Offering soup and bread, a Huntington farm tests a radical economic idea
On a Saturday afternoon in Huntington, Brush Brook Community Farm was giving away bread and soup under early spring sunshine. The event, led by baker and farmer Adam Wilson, has taken place each week for 11 months — Wilson sees it as a “gift economy,” one that he hopes to sustain as long as he can.
In fact, all the farm’s food is offered as a gift to community members. It’s an approach that started last year when the team began offering free-to-all meals at the Huntington Town Hall last year, Wilson said.
“We called those gratitude feasts and those were really beautiful,” Wilson said. “That gave us all sorts of ideas on what can happen when you just start giving food away –– how people start interacting with one another, with the animals, and with the land.”
The final town hall feast happened the weekend before the pandemic stalled life in Vermont, and with 125 people, it was the biggest one yet. After the meal, many stayed to dance. Amid the pandemic, Brush Brook Community Farm took on giving away food as a radical new mission.
Each week, the farm produces roughly 250 loaves of bread and 25 gallons of soup. The soup is a “collection of everything we do on the farm: The beef, the lamb, veggies, herbs, etc.,” Wilson said. Soups, he added, are flexible enough to maximize use of the farm’s constantly changing harvests.
Evan Hoyt, who has been at Brush Brook for about a year, is on the 7-member farm team that handles farm operations. “We have been really well received here — all of us,” he said. “The farm team are really grateful to be a part of this community and to have the chance to share in food that we all are collectively helping bring into being.”
As a Community News Service reporter visited on a recent Saturday, masked and distanced community members filtered in and out of the distribution greenhouse to grab loaves of bread and quarts of soup.

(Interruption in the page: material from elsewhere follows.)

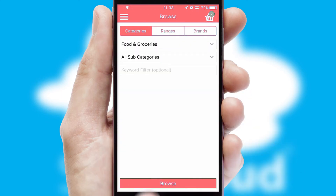You can also search for products by name, code, or other key search words. Re-ordering regular items is quick and simple as you can maintain your own list of favorite products.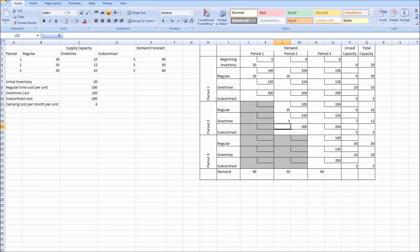For period three, demand is 40. The cheapest option is regular for period three at $100 — we can produce 30 units. We still need 10 more. The next cheapest with remaining capacity is overtime for period three at $150, so we use 10 units from there. That fulfills the demand for all three periods.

“The philosophy is what I love most,” said Rebecca Weis, of Williston, about the guiding principle of the gift economy. Weis is a frequent visitor and contributor to the Brush Brook Community Farm and shared that she comes out mostly every week to pick up some soup and bread. She further emphasized the importance of donating back to the farm.
“In the harvest season I donated squash, tomatoes, beans, peppers,” Weis said. “Now we make a donation every week for the bread that we pick up and a little bit extra – because they are just giving it away!”
“It’s a whole sense of community –– and it’s expanding –– I am seeing people coming from Starksboro, Lincoln, Richmond, and Williston,” Weis said.
Monetary contributions like those Weis makes are essential for a farm that, philosophy aside, has to keep the lights on and equipment running. “Money will still be required,” the website notes. “If the budget is not met, the experiment will end or change shape.”
In that sense, Brush Brook’s gift economy project poses a question: How will neighbors respond to a project that doesn’t fit neatly into our current system?
Gift economies have long thrived in cultures — from the Brazilian Amazon to sub-Saharan Africa — that see themselves as linked by a web of interdependence. While Vermont prides itself on a strong sense of community, it still runs more on banking than bartering.
Wilson and the team at Brush Brook Community Farm appear undaunted. Their mission is soaring and their hopes are high. It is “a journey of homecoming,” they write. “Returning bit by bit to the good work of caring for one another and for the home place that sustains us.” Time will tell if such a journey can begin with soup and bread.